Free dispute resolution services, more info on maids’ employment history to better support employers in hiring domestic workers

Free dispute resolution services, more info on maids’ employment history to better support employers in hiring domestic workers

A free dispute resolution service will be rolled out by the end of October to help resolve issues that employers have with their maids or maid agencies, announced the Ministry of Manpower (MOM) on Sunday (Oct 6). Nisha Rahim with more. 

SINGAPORE:  A free dispute resolution service will be rolled out by the end of October to help resolve issues that employers have with their maids or maid agencies, announced the Ministry of Manpower (MOM) on Sunday (Oct 6).

The initiative is part of a series of new measures which will be progressively rolled out over the next two years aimed at helping employers find maids who are a good match for their needs.

This follows consultations with 44 stakeholders, including employers, employment agencies and non-government organisations in October 2018, said MOM.

The dispute resolution service will be introduced by the Centre for Domestic Employees (CDE), working together with the Lutheran Community Care Services (LCCS). 

Employers could also approach the Foreign Domestic Association for Social Support and Training (FAST), which has piloted free mediation services since 2016, for help to “resolve issues instead of ending the working relationship”, said MOM.

About two in three maids do not complete two years of their contract, and the ministry said more can be done to support employers in the hiring of maids, as “early termination of contracts is costly and disruptive to both parties”. 

MORE INFO ON MAIDS TO BE MADE AVAILABLE

As part of the measures, employers and employment agencies will also have access to more information about the prospective maid’s work experience from October 2020. 
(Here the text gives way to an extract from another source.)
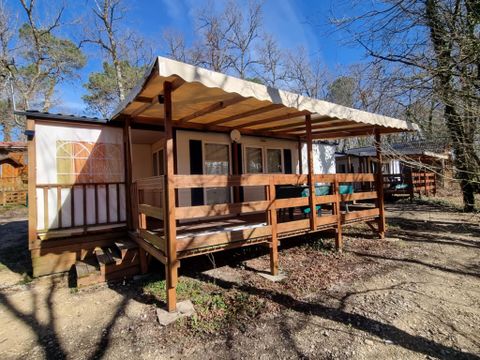 MOBILHOME 4 personnes - 17 Résidence Le mille-feuilles + Terrasse couverte +Télévision 1/4 pers
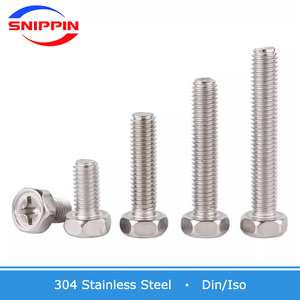 Gb29.2 304 A2 thép không gỉ chéo lõm vít lục giác bên ngoài M3 M4 M5 M6 M8 M10 Phillips rãnh ra Bu lông đầu lục giác - Product Image 2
These will include their key job scope, residence type and household size of the maids’ former employment, said MOM. The reasons for leaving their last employment will also be available. 

For Mdm Marisa Low, the extra information is welcomed. The 42-year-old has had a maid to help in the care of her three children, now aged four to nine, since her first child was born. 

When her first maid had to return home to get married in 2016 after six years of working for the family, she turned to the same employment agency to look for a replacement. 

Mdm Low said although the replacement maid met her criteria on paper, her expectations were not met, and Mdm Low sent her home after just three days. 

“Sometimes the information on paper can be a bit misleading,” she added. 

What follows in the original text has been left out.